In the case Trevejo v. Legal Cost Control, Inc., and John Marquess, the employee, Susan Trevejo, lived in Massachusetts and worked remotely from her home for the employer, whose principal place of business was located in Haddonfield, New Jersey.  In claiming that she had standing to sue under the New Jersey Law Against Discrimination, Ms. Trevejo pointed out the fact that she was provided a company computer to connect to the company’s corporate server in New Jersey and a company phone to communicate with other company employees, some of whom lived and worked in New Jersey.  The employer argued that Ms. Trevino was never a resident of New Jersey at any point in her employment, never lived in New Jersey and never sought or received any benefits from the state of New Jersey.  The employer also pointed out the fact that although Ms. Trevejo had traveled to New Jersey for business at times during her employment, she had not done so any time from 2009 through 2015.

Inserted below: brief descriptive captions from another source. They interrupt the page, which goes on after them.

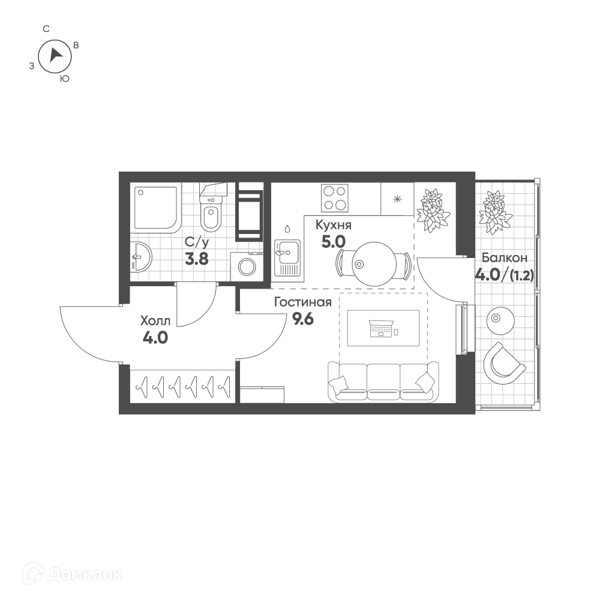Планировка: Студия · 23,6 м²
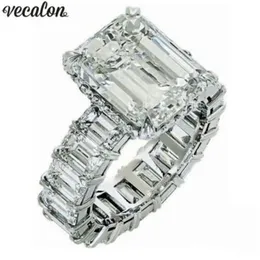 Vecalon 2019 Printage Princess Cut Ring 925 Sterling Silver 6Ct Diamond noivado Rings Baia de casamento para mulheres jóias de dedos239L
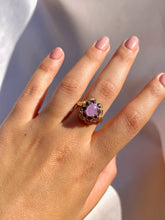 Load image into Gallery viewer, Vintage 9k Lavender Fluorite Amethyst Floral Cluster Ring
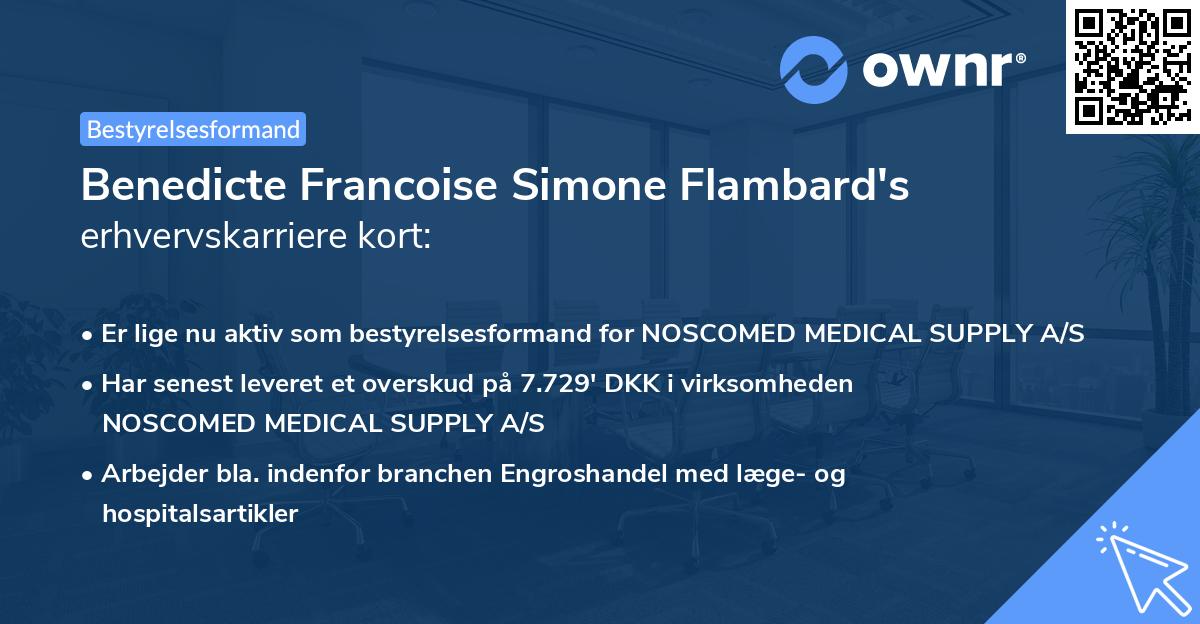 Benedicte Francoise Simone Flambard's erhvervskarriere kort
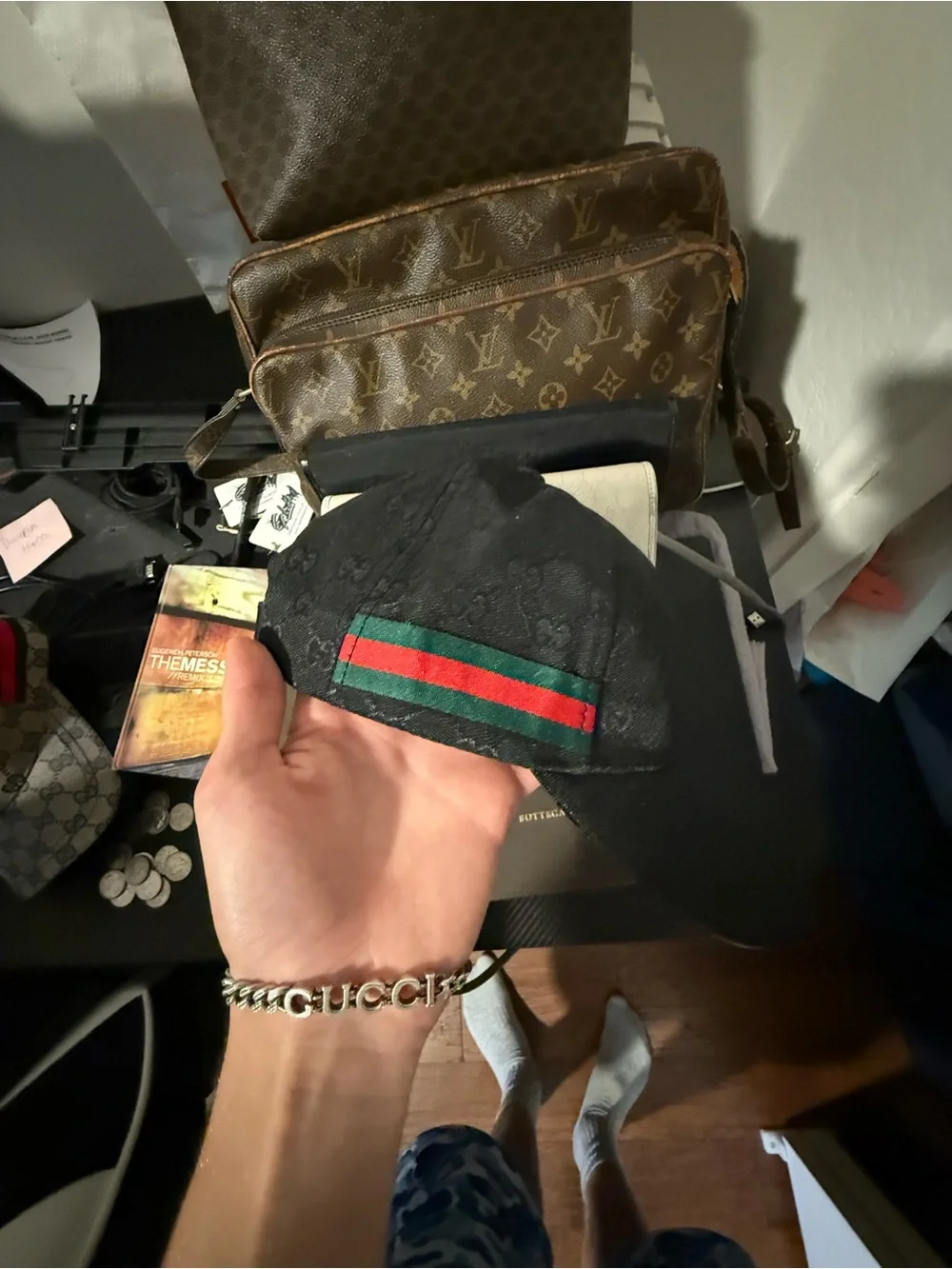 Gucci Men's Black GG Monogram Baseball Cap with Signature Web Stripe
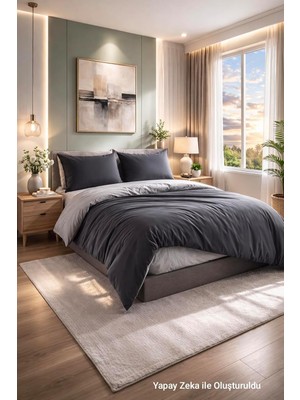 Odea Tek Kişilik Battal Boy,çift Kişilik Nevresim Takımı (Lastikli Çarşaf+Yastık Kılıfı+Yorgan Kılıfı) Çift Yönlü Pamuk-Polyester 90X190 100X200 120X200 160X200 180X200 200X200 (Antrasit-Gri, 100X200)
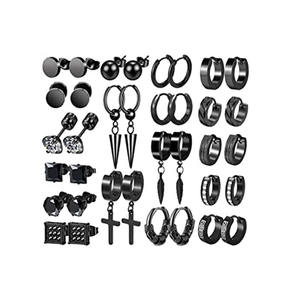 Clip-on <b>Earrings</b> <b>Black</b> Zinc Alloy <b>Cross</b> Shape For Women Party Fashion Jewelry Set - Product Image 1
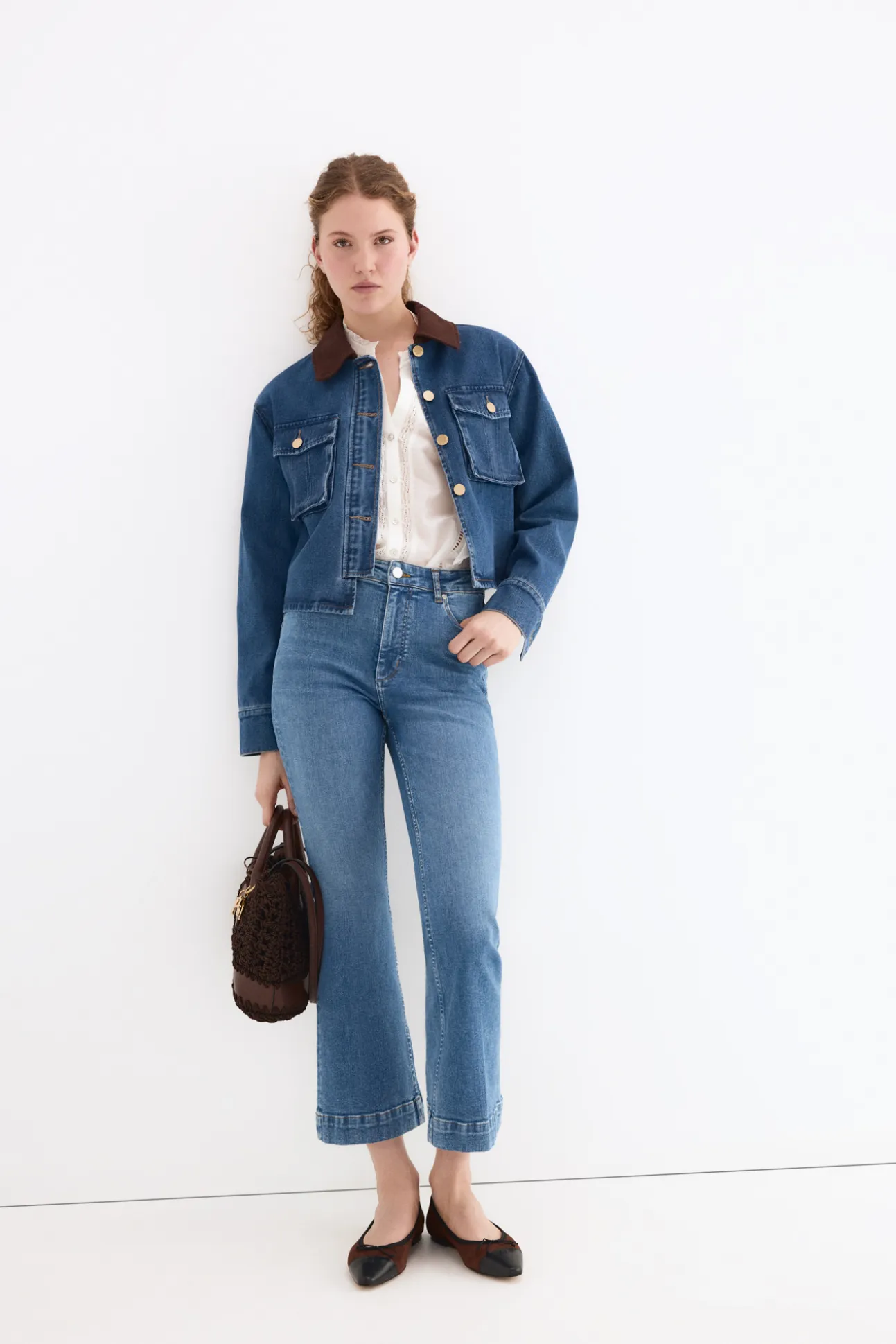 Jeans push up flare cropped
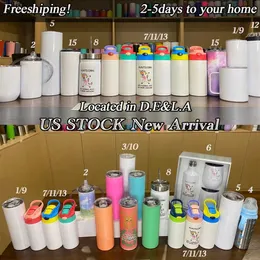 Local warehouse Sublimation Tumbler 15 20 30oz STRAIGHT Skinny Glow in Dark Cups Sippy Cup Handle Mug Press Bullet Tumblers Double329d
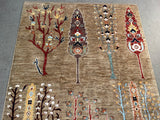 24929-Chobi Ziegler Hand-knotted/Handmade Afghan Rug/Carpet Traditional Authentic / Size: 6'8" x 5'3"/203cm x 160cm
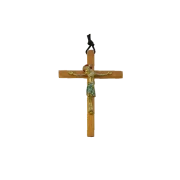 Crucifix sur croix latine en bois, avec le Christ en bronze – 12,5 cm – 800 vert - Les Tailleurs d'Images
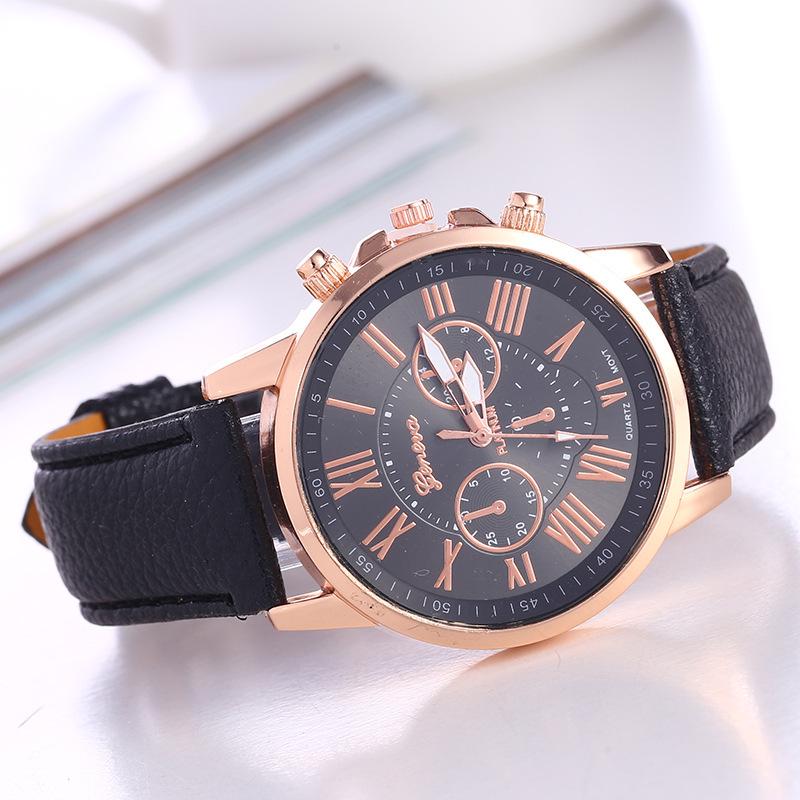 Women’s Fashion Rose Gold Quartz Watch with Multi-Color Leather Strap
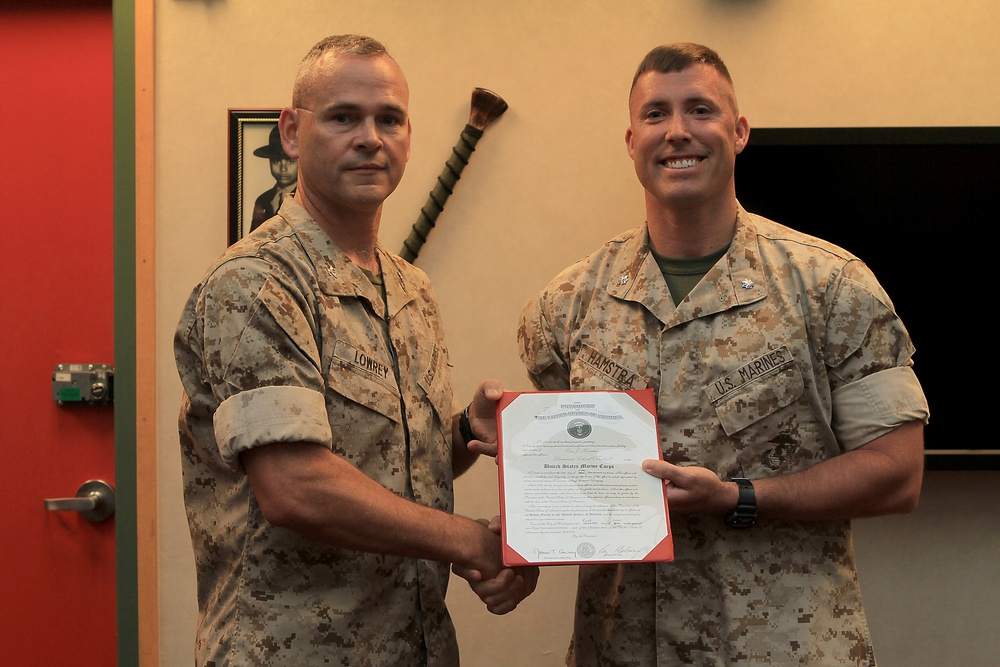 Maj. Hamstra's promotion to Lt. Col.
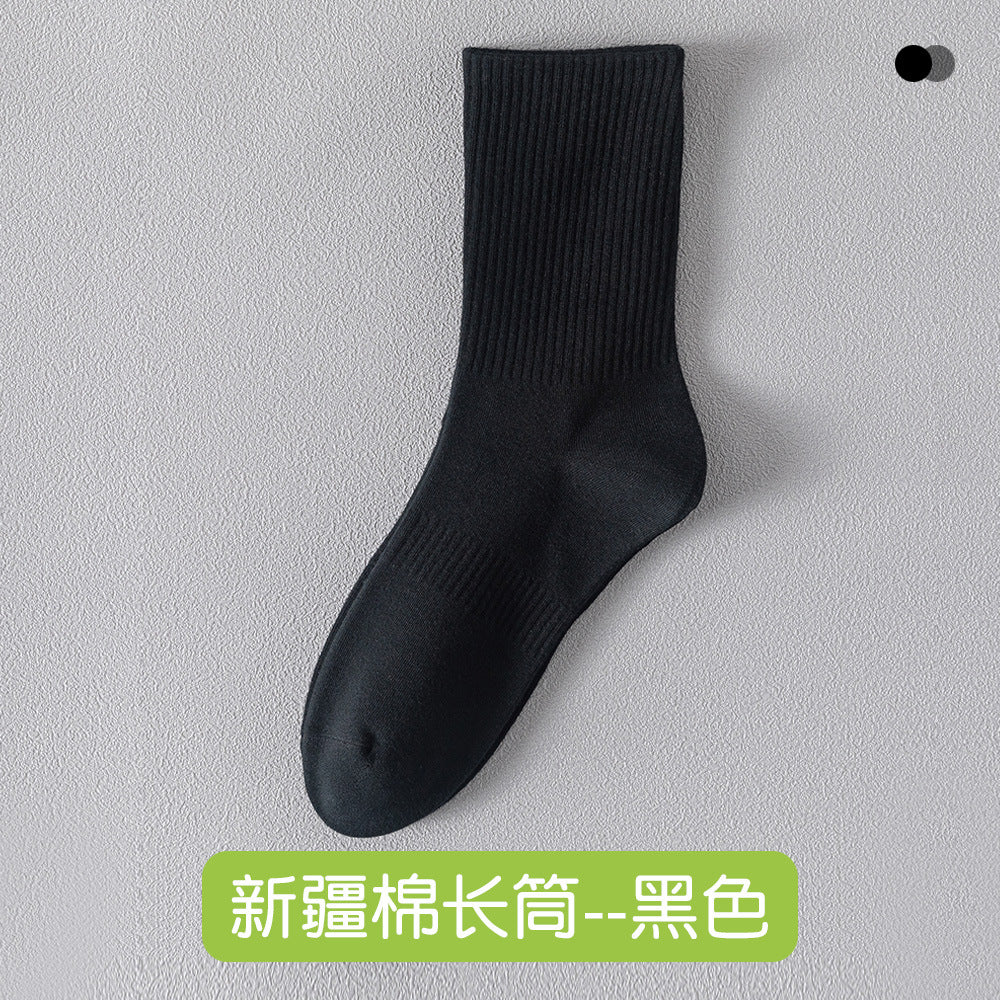 Men's Summer Pure Cotton Socks Towel Bottom Men's Sports Summer Non-Slip White Socks Men's Basketball Socks Thin Short Socks Mid-Tube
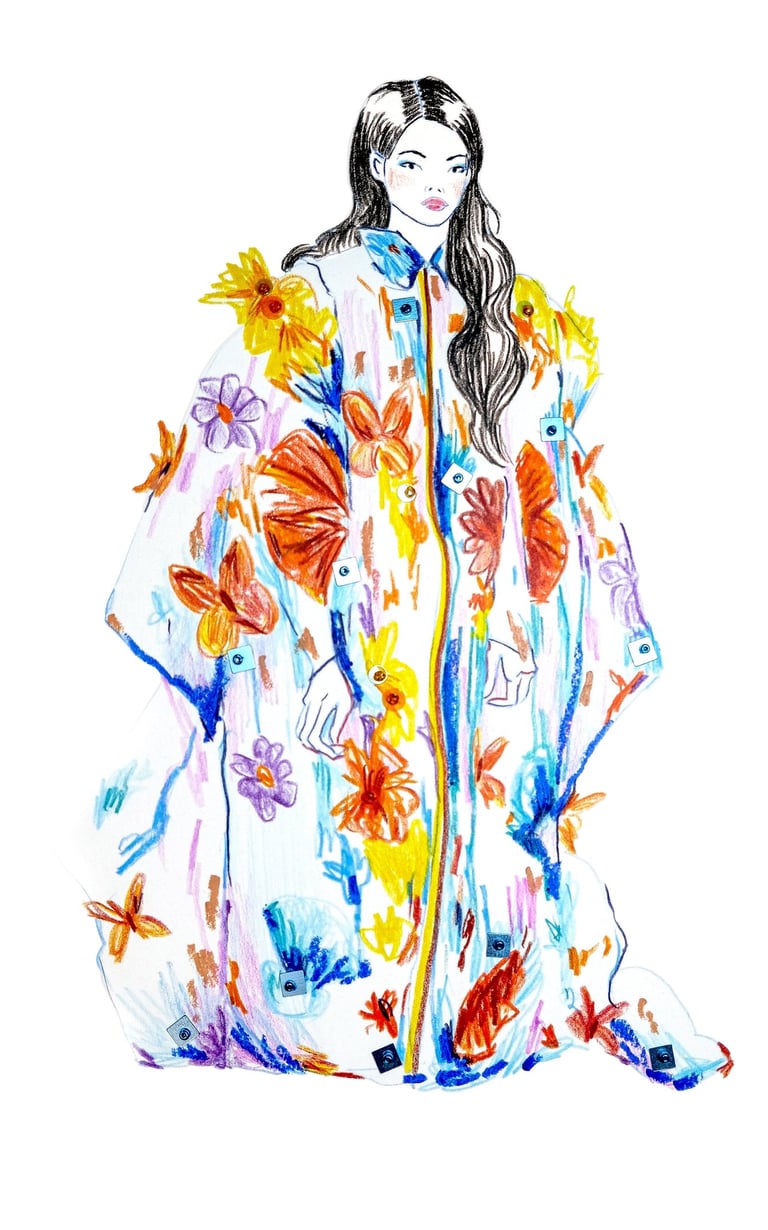 a illustration of a woman in a flower kimono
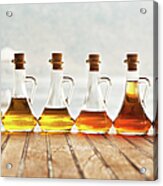 Olive Oil And Vinegar In Bottles Acrylic Print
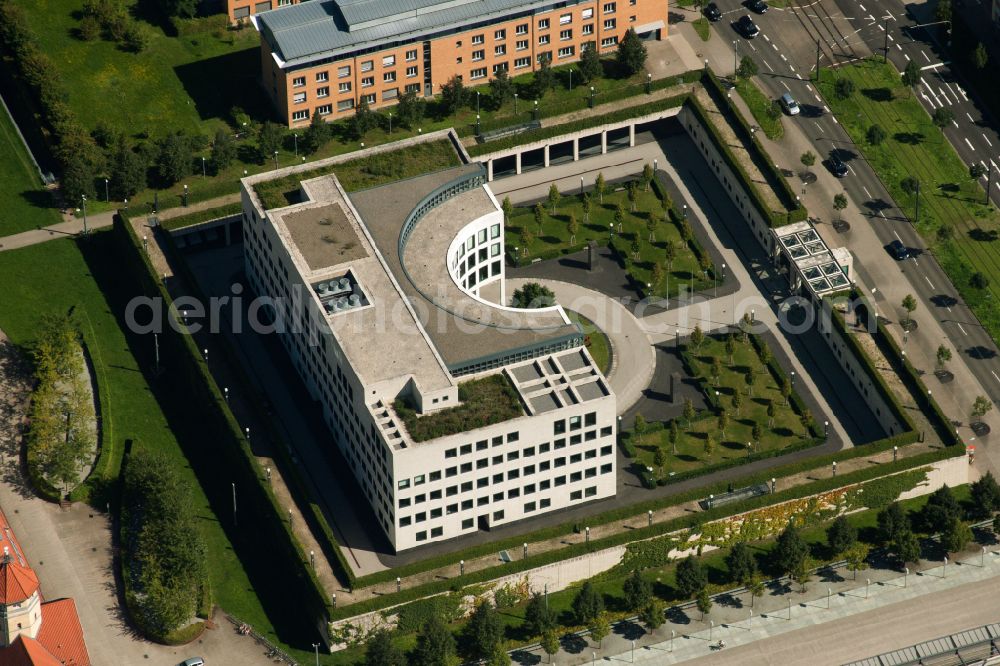 Aerial photograph Karlsruhe - Administrative building of the State Authority Generalbundesanwalt beim Bundesgerichtshof in the district Suedweststadt in Karlsruhe in the state Baden-Wurttemberg, Germany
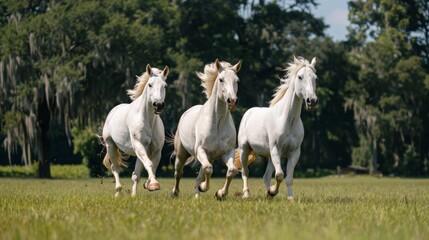 Obraz premium Horses are running on the beach in the afternoon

Twelve years into her employment, the employer terminated Ms. Trevejo’s employment. In response, Ms. Trevejo filed a lawsuit alleging age discrimination under the New Jersey Law Against Discrimination.  During the lawsuit, Ms. Trevejo’s employment lawyers requested broad discovery to prove she was entitled to pursue her age discrimination claims under New Jersey’s discrimination laws, including the nature and substance of her electronic and other virtual contact and connection to the employers’ New Jersey office as part of her day-to-day work activities.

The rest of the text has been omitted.